Exercise objective:
Give back exactly the lines of the data below, starting with the line that has "Шинопровод для трековых светильников" and going on through the line that has "SANT1755TBK - Ultrafold".

━━━ Material for this task ━━━

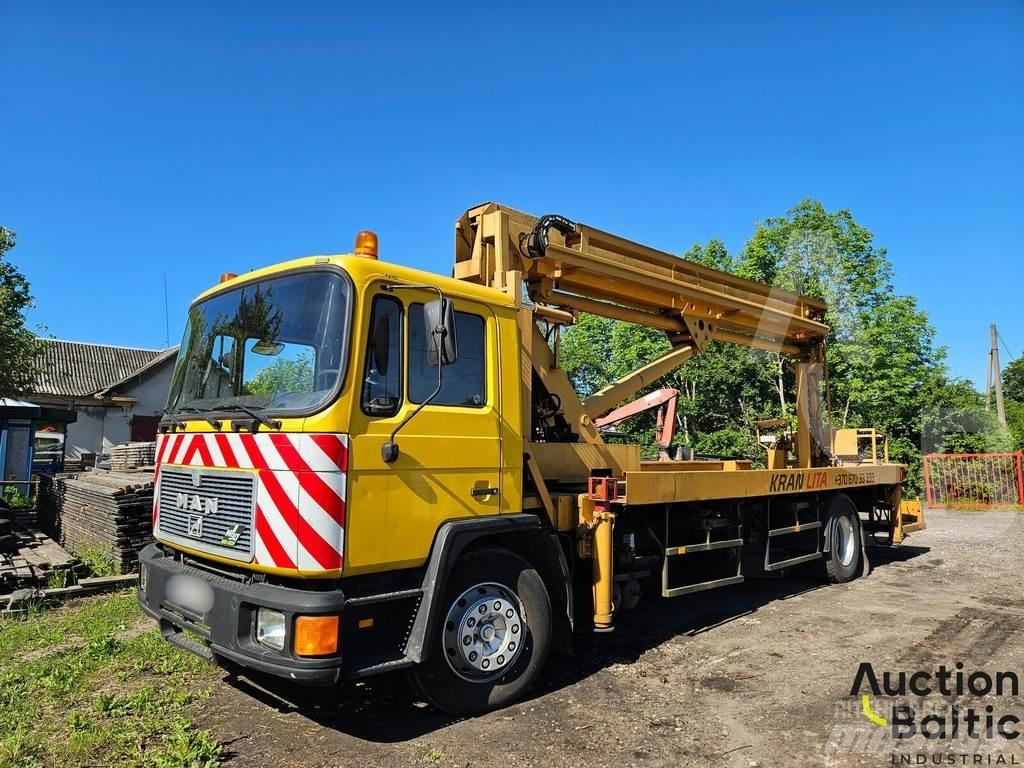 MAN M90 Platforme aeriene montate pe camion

━━━
━━━ Material for this task ━━━

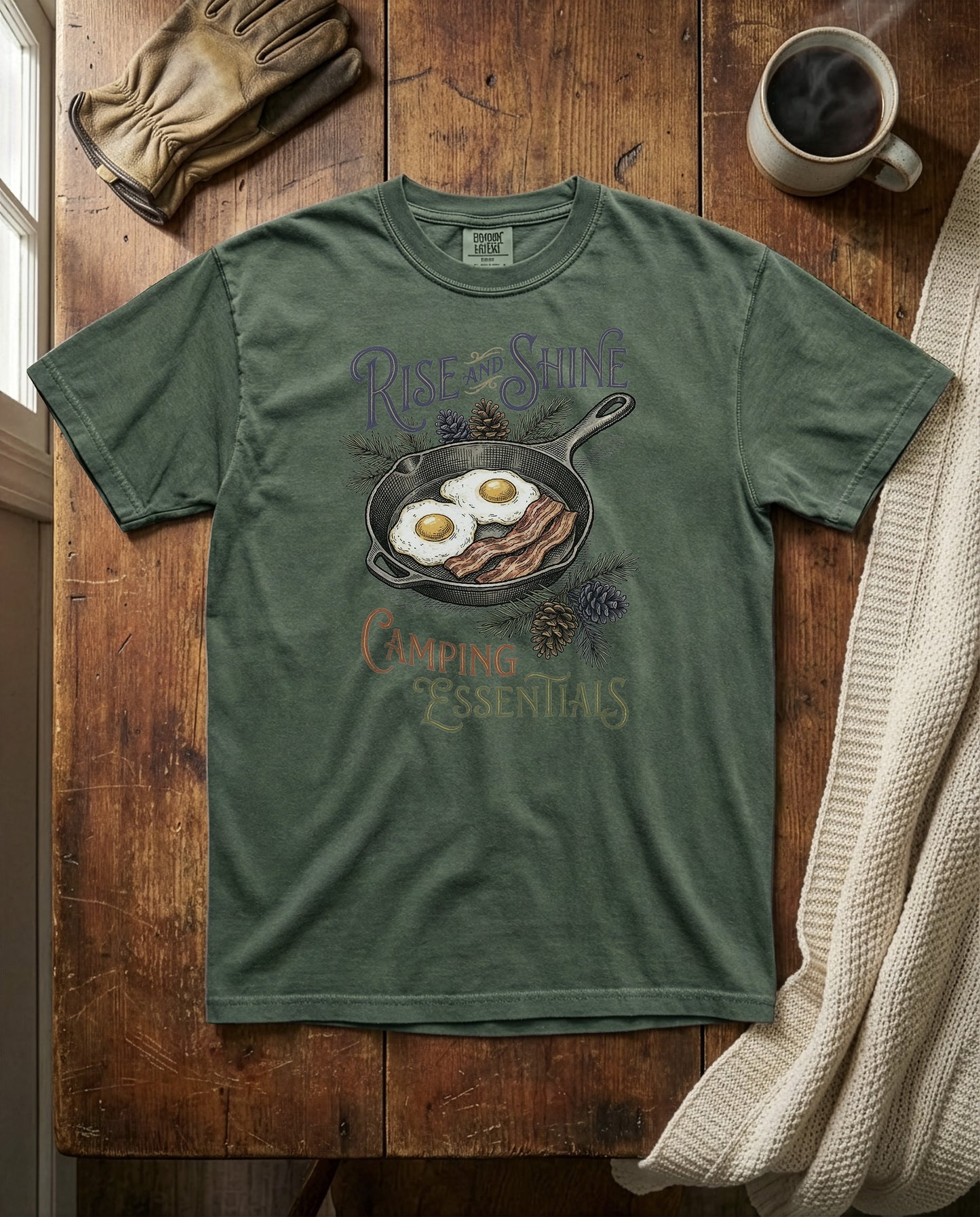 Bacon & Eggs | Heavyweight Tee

━━━
━━━ Material for this task ━━━

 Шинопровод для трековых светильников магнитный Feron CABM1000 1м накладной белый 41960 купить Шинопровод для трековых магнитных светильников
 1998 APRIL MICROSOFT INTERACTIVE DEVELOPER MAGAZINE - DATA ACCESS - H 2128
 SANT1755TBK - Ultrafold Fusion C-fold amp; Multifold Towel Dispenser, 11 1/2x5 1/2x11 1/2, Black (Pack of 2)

━━━

Response below:
 Шинопровод для трековых светильников магнитный Feron CABM1000 1м накладной белый 41960 купить Шинопровод для трековых магнитных светильников
 1998 APRIL MICROSOFT INTERACTIVE DEVELOPER MAGAZINE - DATA ACCESS - H 2128
 SANT1755TBK - Ultrafold Fusion C-fold amp; Multifold Towel Dispenser, 11 1/2x5 1/2x11 1/2, Black (Pack of 2)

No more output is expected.